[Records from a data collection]
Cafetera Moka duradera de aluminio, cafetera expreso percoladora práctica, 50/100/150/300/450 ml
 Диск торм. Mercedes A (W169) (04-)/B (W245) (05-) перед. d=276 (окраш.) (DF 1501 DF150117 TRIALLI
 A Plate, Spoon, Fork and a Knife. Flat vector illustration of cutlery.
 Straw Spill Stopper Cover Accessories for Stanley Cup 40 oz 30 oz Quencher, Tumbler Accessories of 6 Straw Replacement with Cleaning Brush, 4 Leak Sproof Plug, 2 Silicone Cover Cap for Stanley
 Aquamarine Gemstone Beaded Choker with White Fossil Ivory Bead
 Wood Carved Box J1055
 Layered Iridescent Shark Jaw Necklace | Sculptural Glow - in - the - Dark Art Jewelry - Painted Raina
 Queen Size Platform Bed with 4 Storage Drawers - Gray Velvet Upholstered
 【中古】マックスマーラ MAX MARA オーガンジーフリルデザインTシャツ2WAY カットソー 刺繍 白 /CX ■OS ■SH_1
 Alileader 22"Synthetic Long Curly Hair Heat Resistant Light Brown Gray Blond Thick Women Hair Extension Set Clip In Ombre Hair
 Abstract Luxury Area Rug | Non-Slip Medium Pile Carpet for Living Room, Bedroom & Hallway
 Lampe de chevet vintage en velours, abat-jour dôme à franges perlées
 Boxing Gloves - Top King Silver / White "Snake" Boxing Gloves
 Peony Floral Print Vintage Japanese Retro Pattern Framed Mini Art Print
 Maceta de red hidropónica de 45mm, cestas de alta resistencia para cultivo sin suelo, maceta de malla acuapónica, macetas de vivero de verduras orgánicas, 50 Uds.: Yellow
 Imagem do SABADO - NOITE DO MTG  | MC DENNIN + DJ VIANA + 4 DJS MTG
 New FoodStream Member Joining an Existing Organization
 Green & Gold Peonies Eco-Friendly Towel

▸ EXERCISE DESCRIPTION
Above are the records; retype them all without a single difference.

▸ TASK SOLUTION
Cafetera Moka duradera de aluminio, cafetera expreso percoladora práctica, 50/100/150/300/450 ml
 Диск торм. Mercedes A (W169) (04-)/B (W245) (05-) перед. d=276 (окраш.) (DF 1501 DF150117 TRIALLI
 A Plate, Spoon, Fork and a Knife. Flat vector illustration of cutlery.
 Straw Spill Stopper Cover Accessories for Stanley Cup 40 oz 30 oz Quencher, Tumbler Accessories of 6 Straw Replacement with Cleaning Brush, 4 Leak Sproof Plug, 2 Silicone Cover Cap for Stanley
 Aquamarine Gemstone Beaded Choker with White Fossil Ivory Bead
 Wood Carved Box J1055
 Layered Iridescent Shark Jaw Necklace | Sculptural Glow - in - the - Dark Art Jewelry - Painted Raina
 Queen Size Platform Bed with 4 Storage Drawers - Gray Velvet Upholstered
 【中古】マックスマーラ MAX MARA オーガンジーフリルデザインTシャツ2WAY カットソー 刺繍 白 /CX ■OS ■SH_1
 Alileader 22"Synthetic Long Curly Hair Heat Resistant Light Brown Gray Blond Thick Women Hair Extension Set Clip In Ombre Hair
 Abstract Luxury Area Rug | Non-Slip Medium Pile Carpet for Living Room, Bedroom & Hallway
 Lampe de chevet vintage en velours, abat-jour dôme à franges perlées
 Boxing Gloves - Top King Silver / White "Snake" Boxing Gloves
 Peony Floral Print Vintage Japanese Retro Pattern Framed Mini Art Print
 Maceta de red hidropónica de 45mm, cestas de alta resistencia para cultivo sin suelo, maceta de malla acuapónica, macetas de vivero de verduras orgánicas, 50 Uds.: Yellow
 Imagem do SABADO - NOITE DO MTG  | MC DENNIN + DJ VIANA + 4 DJS MTG
 New FoodStream Member Joining an Existing Organization
 Green & Gold Peonies Eco-Friendly Towel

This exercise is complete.